I don’t think there are any other students that take this. OK, I guess you could include pre-engineering—but technically they are still physics majors.

For the textbook, I use the super alpha awesome book Matter and Interactions (Wiley – Chabay and Sherwood). If you’ve read my stuff, you should know that I LOVE this book (and Bruce Sherwood and Ruth Chabay are both great people to talk to). Here is my previous review.

Just a few highlights of the curriculum.

  • Includes relativistic momentum and energy.
  • Focus on fundamental interactions and fundamental particles.
  • Ball and spring model of matter.
  • Three big principles: momentum, work-energy, angular momentum.
  • Explicit inclusion of numerical calculations.
  • I use Standards Based Grading with options for students to submit reassessment videos.
  • We often use multiple-choice questions in class with student response systems (clickers). Matter and Interactions has a nice set of questions to use.

Here is the course website.

The Good:

I always enjoy this course. The students are both diverse and great. They are at LEAST in Calc-I so that means they can probably do some algebra stuff. There are a good number of students that are in even more advanced math classes like Differential Equations and stuff. Oh, and it’s a great chance to get to know the new physics and chemistry majors.

The class isn’t too big (mine started around 30) so that it’s fairly easy to memorize names.

Maybe the best part of the class is watching student videos. OK, I really don’t like watching videos—it can get kind of boring. But I LOVE seeing students make terrible videos and then get better and start figuring things out. It’s awesome when students have never made a video and are afraid to do it, but then really get into it.

Students eventually figure out that I’m not just assessing their videos, but they are learning by making the videos.

One other thing I liked—I always like it: speed dating physics problem solving. Here is a twitter thread on speed dating (from another class).

Also, I did assign and collect homework. I didn’t really grade it (I gave them a score), but it’s like free points and maybe it helps them practice.

One last “good”. I put together this video tutorial on numerical calculations that looks at an object falling on the surface of the moon. I think it’s pretty good. Not sure how much the students used it though.

The Bad:

Yes, there was some bad stuff. Sometimes I felt like students were just sitting there. Even when I was doing interactive activities, they had this blank stare (it seemed). Maybe it was the class time (9:30 AM)—although that doesn’t seem too early. I really don’t know what the problem was. For the most part they were fine.

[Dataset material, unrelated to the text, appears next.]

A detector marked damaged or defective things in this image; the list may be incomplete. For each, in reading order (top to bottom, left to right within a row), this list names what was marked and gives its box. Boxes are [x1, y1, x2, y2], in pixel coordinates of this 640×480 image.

Another big problem—speed dating. Oh, I get it. Students don’t want to participate. They want to just sit there and take in the fire hose of learning (they think that works). But in the end, most of them seem to get some positive things out of the speed dating. But the room was not super great for this. It’s a standard lecture hall—so I didn’t really have places to put boards. I tried using very small boards, but it just wasn’t perfect.

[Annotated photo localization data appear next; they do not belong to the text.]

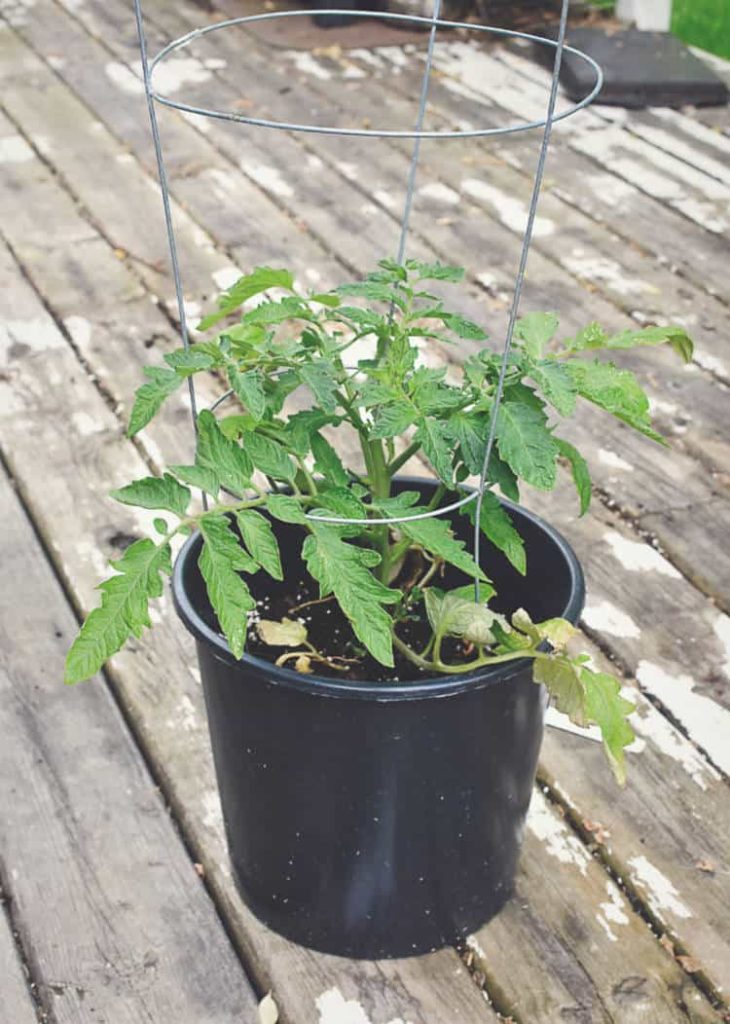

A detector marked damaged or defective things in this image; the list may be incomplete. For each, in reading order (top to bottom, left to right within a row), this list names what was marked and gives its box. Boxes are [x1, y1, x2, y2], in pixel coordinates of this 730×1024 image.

peeling white paint [286, 50, 332, 81]
peeling white paint [0, 136, 33, 166]
peeling white paint [242, 160, 292, 198]
peeling white paint [416, 182, 456, 206]
peeling white paint [460, 180, 552, 238]
peeling white paint [560, 251, 652, 296]
peeling white paint [596, 448, 632, 472]
peeling white paint [600, 532, 680, 580]
peeling white paint [580, 596, 636, 636]
peeling white paint [632, 660, 728, 772]
peeling white paint [632, 700, 716, 788]
peeling white paint [524, 792, 592, 872]
peeling white paint [624, 856, 688, 920]
peeling white paint [596, 880, 628, 944]
peeling white paint [314, 984, 410, 1024]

One final problem—a good number of student just never seemed to fully grasp numerical calculations.

The Future:

Here are some ideas for the future.

  • Mounted white boards. If I have to be in that lecture hall, I want to find some ways to put boards somewhere around on the walls.
  • Plickers. I’m ditching the TurningPoint clickers. I’m tired of constant updates that bork the system. I get it—they want me to upgrade. Not upgrading again. Oh, also with Plickers it shows the student name over their head when they vote.
  • More in-class stuff. More group problem solving. More activities. More focus on numerical calculations.
  • I should show the students more of the awesome physics (like stuff from my blog). I don’t do this enough because I get so busy with getting through different topics—but I think the students really like these things. Who cares anyway, it’s the stuff that I love.